Master of Hounds prepares for the BC Juvenile Turf at Churchill Downs

Cleared from quarantine at Aqueduct Racetrack, Mrs. John Magnier’s Master of Hounds took a van ride to Belmont Park a little after 6 a.m., and arrived full of himself at his temporary home in trainer John Hertler’s barn.

 

T. J. Comerford, assistant to trainer Aidan O’Brien, sent the world-traveling Belmont Stakes contender out for a steady one-mile canter, which gave the colt his first feel for the Belmont Park main track. With exercise rider Pat Lillis aboard, Master of Hounds galloped easily around, staying close to the rail, with Woodford Reserve Manhattan Handicap entrant Viscount Nelson slightly behind him, well out in the center of the track.

 

“He got a bit wound up,” Comerford said of Master of Hounds’ arrival at Belmont. “Mostly, he was too fresh. All we could do there [in quarantine] was walk in the barn.”

 

Despite the heat, Master of Hounds appeared comfortable, according to Comerford.

 

“Once he was out on the track, he didn’t sweat at all,” the assistant trainer said. “My lad sweated more than him.”

 

Back in his stall afterward, Master of Hounds kept his ears pricked and showed a strong interest in the activity around him, letting out several loud whinnies.

 

A Kentucky-bred by Kingmambo out of a Sadler’s Wells mare, Master of Hounds has the pedigree to excel at the Belmont’s 1 ½-mile distance. He was selected at a very early age by Coolmore/Ballydoyle for international competition.

 

“We thought he would be well-suited to the American style of racing, but you can never be sure how they will handle the dirt until they try it,” said Coolmore spokesman Richard Henry. “He has a great temperament and has coped extremely well with all the traveling.”

 

That travel has included a trip to Churchill Downs last fall for a sixth-place finish in the Grade 2 Breeders’ Cup Juvenile Turf, a long journey to Dubai for a nose defeat in the Grade 2 UAE Derby in March, and then a closing fifth-place finish May 7 in the Kentucky Derby.

 

Comerford said jockey Garrett Gomez was very excited about the horse after the Kentucky Derby and figured he would have finished closer than 5 ½ lengths back had there been more distance to run beyond the mile and a quarter.

 

From Churchill, it was back to Ireland to train over the woodchip training track at Ballydoyle for the Belmont, Henry said.

 

Comerford said Master of Hounds would gallop on the main track at 6:30 a.m., Friday morning. “That’s the end of it,” he said of the colt’s preparation. “There will be no problem.”

 

Viscount Nelson, a 4-year-old son of Giant’s Causeway, was selected to join Master of Hounds at Belmont this weekend because “we think he should be suited by the conditions and the style of American racing,” Henry said.

 

Last year, the colt raced in four straight Group 1 races in Europe, his best finish a third, just a length behind the older, top-class Twice Over in the Group 1 Eclipse Stakes at Sandown Park.

 

In his second start this year as a 4-year-old, Viscount Nelson tracked the leaders and took over in the final furlong to win a listed stakes race by 3 ½ lengths.

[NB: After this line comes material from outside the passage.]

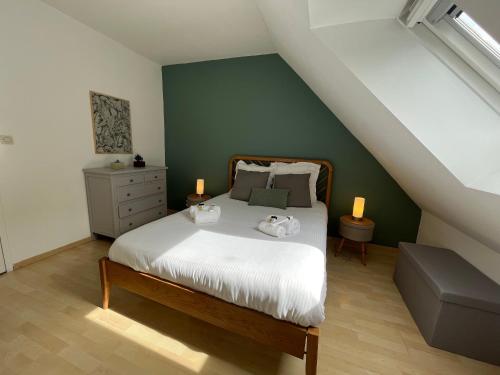 um quarto com uma cama e uma parede verde em Calypso YourHostHelper em Ouistreham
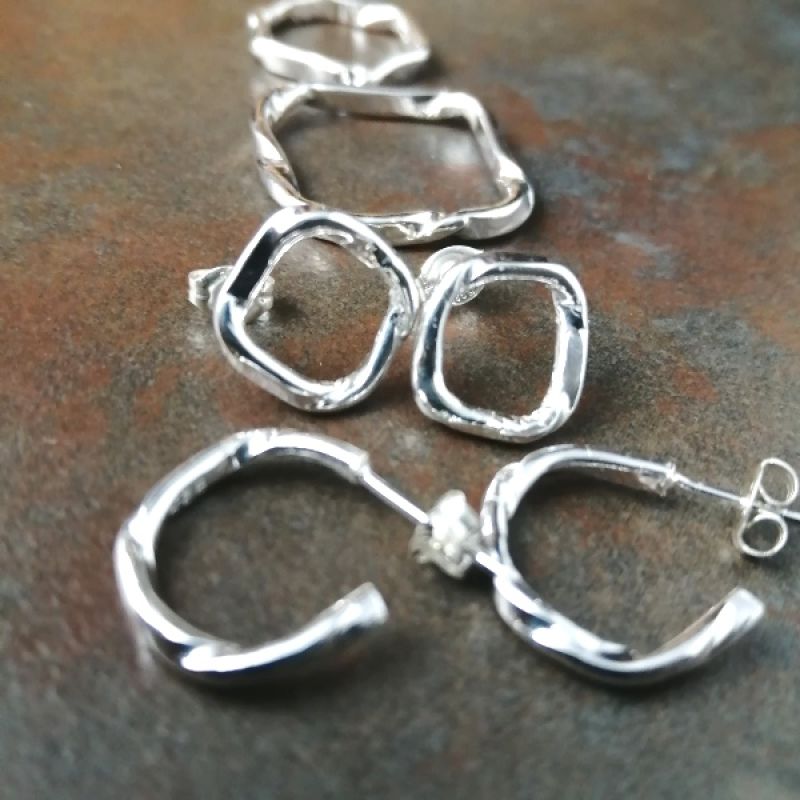 Handcrafted recycled sterling silver minimalist contemporary geometric shaped Flow rings, hoops and studs, stylish pieces of wearable art with attitude.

Both that victory and the placing against Twice Over came at the 1 ¼-mile Manhattan distance.

 

“He should appreciate firm going,” Henry said. “We know it’s going to be a hot contest but are hopeful that our horse will acquit himself well. We have always thought very highly of him, and as he’s by Giant’s Causeway we were always hopeful that he would improve again this year.”